Task to carry out ▸
Your answer should be the lines of the listing that contain the word "Cotton".

Data to examine ▸

■ ■ ■

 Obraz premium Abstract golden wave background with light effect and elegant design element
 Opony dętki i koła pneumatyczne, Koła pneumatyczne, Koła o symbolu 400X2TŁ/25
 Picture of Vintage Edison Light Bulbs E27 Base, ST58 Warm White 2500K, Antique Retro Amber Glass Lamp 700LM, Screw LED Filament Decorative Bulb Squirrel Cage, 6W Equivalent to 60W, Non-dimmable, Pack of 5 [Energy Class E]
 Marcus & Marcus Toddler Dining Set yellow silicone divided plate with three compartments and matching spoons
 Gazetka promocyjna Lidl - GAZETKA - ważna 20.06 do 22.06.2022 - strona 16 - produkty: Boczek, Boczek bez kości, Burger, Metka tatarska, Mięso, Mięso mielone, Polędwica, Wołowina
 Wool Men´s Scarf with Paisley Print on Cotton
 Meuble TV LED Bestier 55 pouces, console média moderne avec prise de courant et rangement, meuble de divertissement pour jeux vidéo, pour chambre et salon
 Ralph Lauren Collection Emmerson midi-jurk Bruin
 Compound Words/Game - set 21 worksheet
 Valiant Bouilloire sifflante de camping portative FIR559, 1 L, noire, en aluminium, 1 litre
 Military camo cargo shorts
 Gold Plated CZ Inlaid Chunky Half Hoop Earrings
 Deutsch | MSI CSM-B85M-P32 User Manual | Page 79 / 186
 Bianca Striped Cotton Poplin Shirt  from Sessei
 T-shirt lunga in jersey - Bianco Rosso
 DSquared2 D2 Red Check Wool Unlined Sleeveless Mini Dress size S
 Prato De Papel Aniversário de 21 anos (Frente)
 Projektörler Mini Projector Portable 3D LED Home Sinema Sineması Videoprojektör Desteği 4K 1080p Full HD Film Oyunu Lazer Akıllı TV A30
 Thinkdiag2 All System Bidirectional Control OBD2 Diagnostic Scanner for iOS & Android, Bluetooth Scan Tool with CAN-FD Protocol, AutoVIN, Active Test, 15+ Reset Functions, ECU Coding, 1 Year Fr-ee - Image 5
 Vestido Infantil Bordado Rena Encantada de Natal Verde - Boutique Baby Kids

■ ■ ■

Solution for this exercise ▸
 Wool Men´s Scarf with Paisley Print on Cotton
 Bianca Striped Cotton Poplin Shirt  from Sessei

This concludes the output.